* **Problem statement**:
All entries shown below should be duplicated character for character.

[Stored items from a collection]
★ ★ ★

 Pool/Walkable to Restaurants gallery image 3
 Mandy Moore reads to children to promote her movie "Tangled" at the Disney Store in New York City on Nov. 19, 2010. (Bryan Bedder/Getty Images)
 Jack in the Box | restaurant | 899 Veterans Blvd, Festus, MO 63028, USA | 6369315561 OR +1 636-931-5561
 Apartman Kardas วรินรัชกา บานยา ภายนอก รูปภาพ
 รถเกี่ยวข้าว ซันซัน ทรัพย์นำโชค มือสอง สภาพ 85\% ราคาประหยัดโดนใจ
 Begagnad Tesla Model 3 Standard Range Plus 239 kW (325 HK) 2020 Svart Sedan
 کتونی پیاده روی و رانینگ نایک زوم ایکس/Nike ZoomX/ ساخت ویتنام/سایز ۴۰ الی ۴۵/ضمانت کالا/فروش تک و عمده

★ ★ ★

* **Exercise output**:
 Pool/Walkable to Restaurants gallery image 3
 Mandy Moore reads to children to promote her movie "Tangled" at the Disney Store in New York City on Nov. 19, 2010. (Bryan Bedder/Getty Images)
 Jack in the Box | restaurant | 899 Veterans Blvd, Festus, MO 63028, USA | 6369315561 OR +1 636-931-5561
 Apartman Kardas วรินรัชกา บานยา ภายนอก รูปภาพ
 รถเกี่ยวข้าว ซันซัน ทรัพย์นำโชค มือสอง สภาพ 85\% ราคาประหยัดโดนใจ
 Begagnad Tesla Model 3 Standard Range Plus 239 kW (325 HK) 2020 Svart Sedan
 کتونی پیاده روی و رانینگ نایک زوم ایکس/Nike ZoomX/ ساخت ویتنام/سایز ۴۰ الی ۴۵/ضمانت کالا/فروش تک و عمده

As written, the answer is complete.